Might just be me finally finding ”the” acoustic for me. But my 000-18 is far and away the best I’ve owned. Gibson Southern Jumbo previously held that title, but there’s something about the smaller body I didn‘t realize I’d like so much.


----------



## BEACHBUM (Sep 21, 2010)

Buzz said:


> No get a Sigma, same headstock, used to be released by Martin.

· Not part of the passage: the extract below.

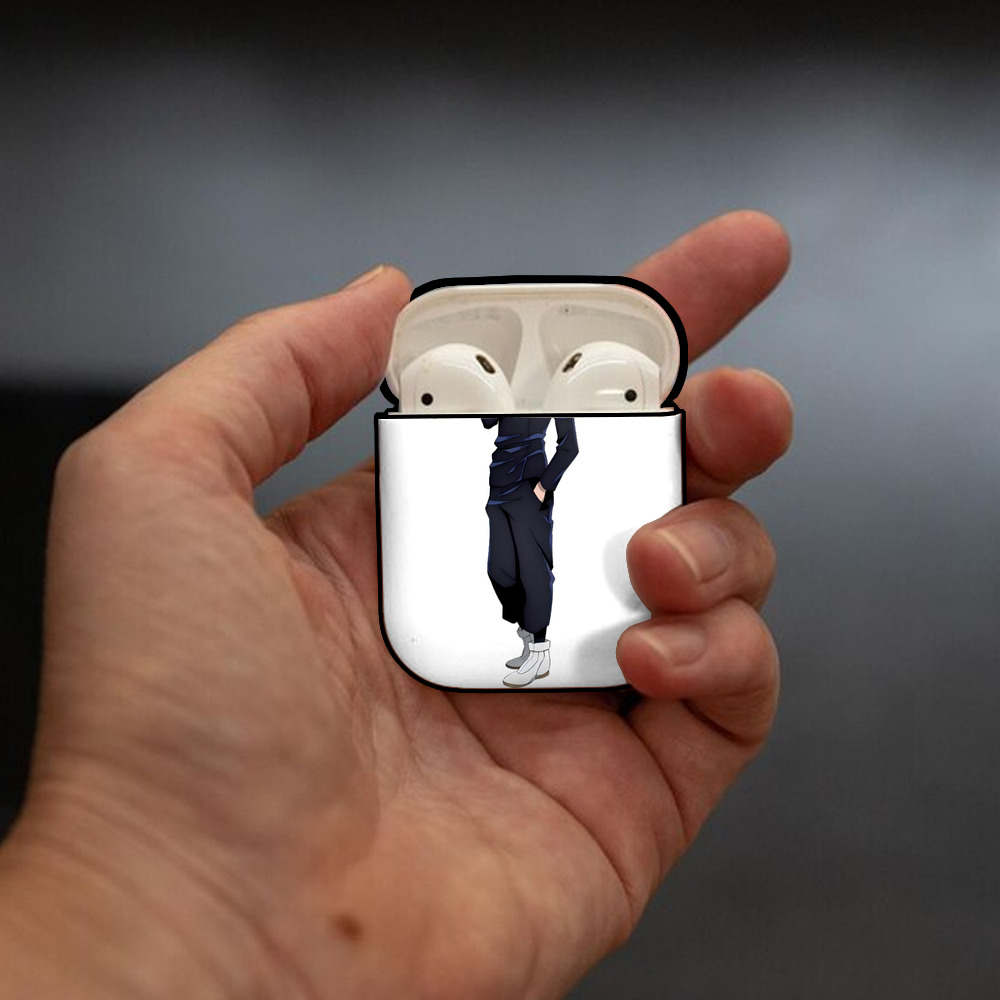 呪術廻戦 Jujutsu Kaisen AirPods 第2世代保護ケース ハードシェル ブラック 耐衝撃・防指紋・カラビナ付き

If you can find one of the Japanese made ones in decemt condition buy it. Back in the early 80's I traded an old stand up piano for this 1980 Japanese Sigma/Martin D10 Anniversary. Many years later I bought a Taylor 810 and a Martin DC Aura figuring I'd step things up a notch. They where both great guitars but as time went by I was left feeling like they weren't giving me anything that I didn't already have. They're both gone now. I put several thousand dollars back in my pocket and the Sigma is still with me. This gal plays hers a lot better than I do mine.


__
https://soundcloud.com/user-302874328%2Fthe-claw


----------



## Steadfastly (Nov 14, 2008)

I like JP and appreciate most of his points of view. He does like Martin guitars; he just doesn't like the price.


----------



## Eric Reesor (Jan 26, 2020)

As with all guitars if you buy it for the name you are doing it for the wrong reason. I have heard expensive Martins that sounded like shit and cheap ones that sounded great over the years. Same with Gibson acoustics and all factory guitars that are formula built. One of the sweetest and most powerful guitars I have ever played on was a cheap beat up Harmony Sovereign the same as the one Anne Murry used on TV years ago. Price and name brand means little, either the instrument has it or it doesn't.


----------